» TASK INPUT

╭──

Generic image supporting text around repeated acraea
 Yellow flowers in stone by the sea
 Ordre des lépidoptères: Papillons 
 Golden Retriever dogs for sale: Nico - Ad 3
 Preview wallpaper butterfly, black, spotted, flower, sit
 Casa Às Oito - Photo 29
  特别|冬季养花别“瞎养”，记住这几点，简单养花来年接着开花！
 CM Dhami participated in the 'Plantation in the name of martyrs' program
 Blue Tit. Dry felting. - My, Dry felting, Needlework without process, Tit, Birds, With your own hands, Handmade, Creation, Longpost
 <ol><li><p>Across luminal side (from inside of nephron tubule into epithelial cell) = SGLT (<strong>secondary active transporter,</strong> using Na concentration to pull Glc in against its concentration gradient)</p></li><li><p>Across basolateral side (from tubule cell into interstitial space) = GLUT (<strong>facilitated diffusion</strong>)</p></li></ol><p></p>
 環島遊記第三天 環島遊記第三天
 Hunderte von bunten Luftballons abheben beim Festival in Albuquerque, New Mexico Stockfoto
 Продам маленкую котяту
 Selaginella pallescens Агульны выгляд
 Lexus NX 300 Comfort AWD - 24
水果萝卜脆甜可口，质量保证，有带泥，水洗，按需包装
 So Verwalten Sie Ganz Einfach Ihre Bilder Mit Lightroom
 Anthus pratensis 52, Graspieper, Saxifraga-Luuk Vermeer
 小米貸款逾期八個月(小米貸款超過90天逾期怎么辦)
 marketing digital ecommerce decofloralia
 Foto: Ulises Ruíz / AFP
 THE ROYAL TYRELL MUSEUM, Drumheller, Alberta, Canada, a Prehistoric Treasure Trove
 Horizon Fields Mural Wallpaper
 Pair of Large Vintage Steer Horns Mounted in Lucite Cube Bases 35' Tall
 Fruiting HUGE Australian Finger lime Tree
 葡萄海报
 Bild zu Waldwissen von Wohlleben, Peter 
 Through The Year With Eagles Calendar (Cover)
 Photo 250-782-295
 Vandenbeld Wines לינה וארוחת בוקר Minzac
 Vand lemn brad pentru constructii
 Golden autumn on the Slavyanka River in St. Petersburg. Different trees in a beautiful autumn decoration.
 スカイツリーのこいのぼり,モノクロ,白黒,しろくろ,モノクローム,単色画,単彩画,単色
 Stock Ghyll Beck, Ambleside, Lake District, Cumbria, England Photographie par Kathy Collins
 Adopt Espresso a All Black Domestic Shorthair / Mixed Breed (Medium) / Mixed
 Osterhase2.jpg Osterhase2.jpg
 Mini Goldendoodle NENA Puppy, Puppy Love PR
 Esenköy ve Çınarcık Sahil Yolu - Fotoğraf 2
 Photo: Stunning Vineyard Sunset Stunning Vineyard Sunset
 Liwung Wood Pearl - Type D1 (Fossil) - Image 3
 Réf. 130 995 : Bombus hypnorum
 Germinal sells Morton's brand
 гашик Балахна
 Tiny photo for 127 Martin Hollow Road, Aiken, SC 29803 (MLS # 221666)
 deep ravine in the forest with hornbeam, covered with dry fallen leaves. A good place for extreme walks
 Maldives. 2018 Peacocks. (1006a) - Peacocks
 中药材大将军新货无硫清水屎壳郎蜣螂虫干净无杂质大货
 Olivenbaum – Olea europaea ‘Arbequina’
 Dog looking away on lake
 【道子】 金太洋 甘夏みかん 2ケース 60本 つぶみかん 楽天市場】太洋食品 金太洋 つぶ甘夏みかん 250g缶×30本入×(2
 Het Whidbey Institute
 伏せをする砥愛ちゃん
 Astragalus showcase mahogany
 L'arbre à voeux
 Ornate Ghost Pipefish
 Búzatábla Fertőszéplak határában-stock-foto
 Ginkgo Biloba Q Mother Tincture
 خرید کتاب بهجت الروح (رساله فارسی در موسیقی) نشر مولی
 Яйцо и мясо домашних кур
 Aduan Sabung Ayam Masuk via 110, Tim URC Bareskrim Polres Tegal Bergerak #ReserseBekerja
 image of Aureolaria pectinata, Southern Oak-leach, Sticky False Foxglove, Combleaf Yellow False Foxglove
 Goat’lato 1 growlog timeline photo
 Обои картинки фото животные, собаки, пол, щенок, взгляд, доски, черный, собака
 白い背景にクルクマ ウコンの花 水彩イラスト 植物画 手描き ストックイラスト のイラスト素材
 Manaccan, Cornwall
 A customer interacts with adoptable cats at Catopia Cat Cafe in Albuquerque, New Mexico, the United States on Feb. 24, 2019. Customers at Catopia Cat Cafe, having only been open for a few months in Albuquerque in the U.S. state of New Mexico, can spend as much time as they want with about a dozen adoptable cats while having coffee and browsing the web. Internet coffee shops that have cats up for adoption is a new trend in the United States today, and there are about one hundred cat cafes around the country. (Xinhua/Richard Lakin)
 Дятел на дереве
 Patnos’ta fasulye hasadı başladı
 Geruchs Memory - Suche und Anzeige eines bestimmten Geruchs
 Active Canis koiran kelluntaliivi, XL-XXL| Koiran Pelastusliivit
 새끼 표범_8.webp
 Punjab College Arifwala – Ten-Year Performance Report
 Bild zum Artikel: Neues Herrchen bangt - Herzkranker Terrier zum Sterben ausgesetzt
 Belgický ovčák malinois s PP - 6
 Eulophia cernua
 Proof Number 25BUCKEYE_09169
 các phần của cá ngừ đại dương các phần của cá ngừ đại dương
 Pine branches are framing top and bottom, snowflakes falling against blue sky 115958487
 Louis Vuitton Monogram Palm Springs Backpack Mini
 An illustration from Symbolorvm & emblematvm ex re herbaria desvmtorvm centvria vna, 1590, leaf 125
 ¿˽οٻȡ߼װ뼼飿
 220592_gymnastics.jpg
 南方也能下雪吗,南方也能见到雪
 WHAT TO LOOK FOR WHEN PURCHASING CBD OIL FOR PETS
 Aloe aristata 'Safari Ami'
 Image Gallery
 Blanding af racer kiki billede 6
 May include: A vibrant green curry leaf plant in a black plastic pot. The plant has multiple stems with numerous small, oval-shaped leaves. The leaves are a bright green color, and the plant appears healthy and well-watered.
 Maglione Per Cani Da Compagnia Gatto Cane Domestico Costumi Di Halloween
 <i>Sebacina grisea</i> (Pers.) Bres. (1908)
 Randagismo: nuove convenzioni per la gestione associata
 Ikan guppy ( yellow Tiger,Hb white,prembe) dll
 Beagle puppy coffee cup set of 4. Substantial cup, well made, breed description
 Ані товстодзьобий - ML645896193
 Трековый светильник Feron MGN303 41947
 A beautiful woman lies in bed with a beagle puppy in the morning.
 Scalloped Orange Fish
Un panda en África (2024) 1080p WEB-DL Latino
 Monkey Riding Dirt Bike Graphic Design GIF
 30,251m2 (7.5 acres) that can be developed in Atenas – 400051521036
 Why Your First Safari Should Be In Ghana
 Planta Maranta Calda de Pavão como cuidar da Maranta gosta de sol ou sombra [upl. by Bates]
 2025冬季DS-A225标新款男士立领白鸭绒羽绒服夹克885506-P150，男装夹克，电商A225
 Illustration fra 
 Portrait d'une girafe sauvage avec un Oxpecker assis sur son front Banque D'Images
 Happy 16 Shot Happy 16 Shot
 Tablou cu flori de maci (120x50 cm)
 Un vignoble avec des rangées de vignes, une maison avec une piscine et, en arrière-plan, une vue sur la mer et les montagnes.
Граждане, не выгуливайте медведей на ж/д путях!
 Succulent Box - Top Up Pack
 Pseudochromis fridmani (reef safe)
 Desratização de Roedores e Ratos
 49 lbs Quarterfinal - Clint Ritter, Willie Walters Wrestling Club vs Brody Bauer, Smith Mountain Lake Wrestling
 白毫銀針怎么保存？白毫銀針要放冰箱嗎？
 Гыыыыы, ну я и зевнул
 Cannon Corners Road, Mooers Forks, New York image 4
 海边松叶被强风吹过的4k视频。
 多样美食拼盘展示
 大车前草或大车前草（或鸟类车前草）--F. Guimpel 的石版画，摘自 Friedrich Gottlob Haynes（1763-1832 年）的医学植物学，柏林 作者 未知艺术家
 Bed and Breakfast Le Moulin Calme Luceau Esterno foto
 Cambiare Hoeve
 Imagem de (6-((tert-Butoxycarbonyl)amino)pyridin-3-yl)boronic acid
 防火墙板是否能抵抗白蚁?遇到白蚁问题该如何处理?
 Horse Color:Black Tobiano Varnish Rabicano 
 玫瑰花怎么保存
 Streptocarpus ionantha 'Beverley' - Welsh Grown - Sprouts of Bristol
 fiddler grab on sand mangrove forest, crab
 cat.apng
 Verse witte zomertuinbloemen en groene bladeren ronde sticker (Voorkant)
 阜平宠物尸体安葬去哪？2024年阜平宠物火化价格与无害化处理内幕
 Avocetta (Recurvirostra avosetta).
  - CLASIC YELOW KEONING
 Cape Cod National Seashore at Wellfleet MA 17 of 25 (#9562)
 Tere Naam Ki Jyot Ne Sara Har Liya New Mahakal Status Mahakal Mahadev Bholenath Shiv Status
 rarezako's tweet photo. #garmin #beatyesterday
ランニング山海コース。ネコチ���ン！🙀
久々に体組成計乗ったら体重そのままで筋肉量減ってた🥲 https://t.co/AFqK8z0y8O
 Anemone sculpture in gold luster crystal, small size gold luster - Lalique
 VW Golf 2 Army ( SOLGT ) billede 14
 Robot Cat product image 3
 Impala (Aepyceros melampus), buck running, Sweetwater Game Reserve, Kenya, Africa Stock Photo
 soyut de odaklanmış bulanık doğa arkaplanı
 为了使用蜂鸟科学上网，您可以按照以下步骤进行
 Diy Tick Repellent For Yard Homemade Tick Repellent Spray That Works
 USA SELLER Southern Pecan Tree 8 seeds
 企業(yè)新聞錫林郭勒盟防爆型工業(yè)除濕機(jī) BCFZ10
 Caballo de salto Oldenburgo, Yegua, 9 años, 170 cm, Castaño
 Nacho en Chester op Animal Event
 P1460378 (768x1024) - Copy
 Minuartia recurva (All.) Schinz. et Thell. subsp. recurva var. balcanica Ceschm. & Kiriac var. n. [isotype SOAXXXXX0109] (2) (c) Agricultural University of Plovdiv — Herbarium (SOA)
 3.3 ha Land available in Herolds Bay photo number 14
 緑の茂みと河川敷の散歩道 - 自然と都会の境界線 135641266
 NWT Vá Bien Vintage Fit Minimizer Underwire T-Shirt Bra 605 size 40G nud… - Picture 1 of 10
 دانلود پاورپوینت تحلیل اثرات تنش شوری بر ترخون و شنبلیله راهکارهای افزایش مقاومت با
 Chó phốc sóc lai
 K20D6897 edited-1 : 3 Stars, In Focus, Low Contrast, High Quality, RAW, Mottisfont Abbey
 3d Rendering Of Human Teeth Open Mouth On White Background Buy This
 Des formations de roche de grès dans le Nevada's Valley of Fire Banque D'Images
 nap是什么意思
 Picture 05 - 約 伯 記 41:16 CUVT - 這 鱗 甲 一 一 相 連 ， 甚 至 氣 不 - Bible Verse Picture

╰──

» TASK INSTRUCTIONS
Copy out every line of the material above that mentions the word "avec".

» PROBLEM SOLUTION
 Portrait d'une girafe sauvage avec un Oxpecker assis sur son front Banque D'Images
 Un vignoble avec des rangées de vignes, une maison avec une piscine et, en arrière-plan, une vue sur la mer et les montagnes.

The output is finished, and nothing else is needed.